Do you mean because of the writing style, or becuase of the "answer" I give? I mean, I would understand both. It would just be a tiny bit of help to know on which one to focus first.
I wonder what else I could have used to end the story... The huge explosion? Putting the cottage on fire? Actually, putting the cottage on fire, having both of them fighting through the flames and having the main character trap the other inside and then flee could have been a bit more "epic". Very classic, but the whole story already is...

I don't know. I've convinced myself that, if I were to try long enough, I would find out how to write "good things". At least things that wouldn't seem good only to me...

Do you mean because of the writing style, or becuase of the "answer" I give? I mean, I would understand both. It would just be a tiny bit of help to know on which one to focus first.

I kind of want to read some of your other stories before I comment. It's been a year. You've probably improved since you wrote this.

But, it's a couple things.

1) Basic grammar and word choice issues.


The story needs a proofread. I'm left suspecting that English might not be your first language. A few examples from chapter 1:

she was exhausted and completely lost into that inhospitable part of the land.

She was lost into the land? "Into?" What do you mean by that?

The huge amount of raining coupled with the night

"Huge amount of raining?"

Rain is a noun. Raining is an adjective. What is that stuff falling from the sky? That's rain. What's the weather like? It is raining. Those two words aren't interchangeable. You can't have have a "huge amount of raining" any more than a cake can have a huge amount of delicious.

The mare fixed the light and convinced herself that, if she could reach it, whatever was there would save her.

She fixed the light? Was it broken? I think you mean that she "fixed her gaze on" the light?

So she began to muster up her strengths to move again, but failed a first time.

1) "Strength" should be singular.

2) She "failed a first time?" What does that even mean?

3) "First time" implies that there was more than one. But you began this sentence by stating that she began to muster up her strength to make this attempt, which you then state was unsuccessful. It's weirdly inconsistent to be talking about multiple subsequent attempts, when you're talking about only beginning to make the first one...but then saying it failed.

I'm not sure what this sentence is trying to say. Is your intent to say that she failed to muster up her strength? Or are you intending to say that she failed to move?

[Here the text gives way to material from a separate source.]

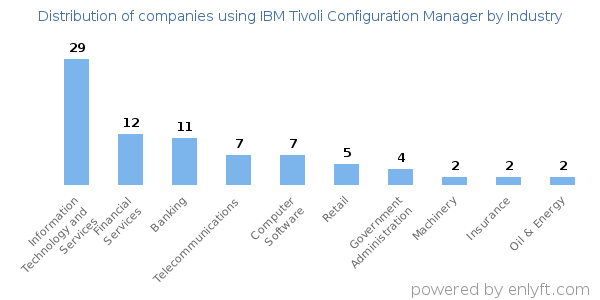 Companies using IBM Tivoli Configuration Manager - Distribution by industry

When you go out of your way to specify that a thing is beginning to happen, that's different from saying that...it happens. "Beginning to happen" implies that a process has begun, but has not finished. For example, "I began running." That implies that the event "running" has started, but it has not finished, and that you can probably assume is still happening. Whereas if I say "I ran," that implies that the running is a thing that has completed. The running has ended, and is no longer occurring.

You're starting this sentence by saying that she "began" to do this thing, but then you're ending it by saying that it didn't actually happen, because she failed. How could it begin to happen if it didn't happen?

Her whole body was burning, mixing her sweat to the flow of water falling from the sky.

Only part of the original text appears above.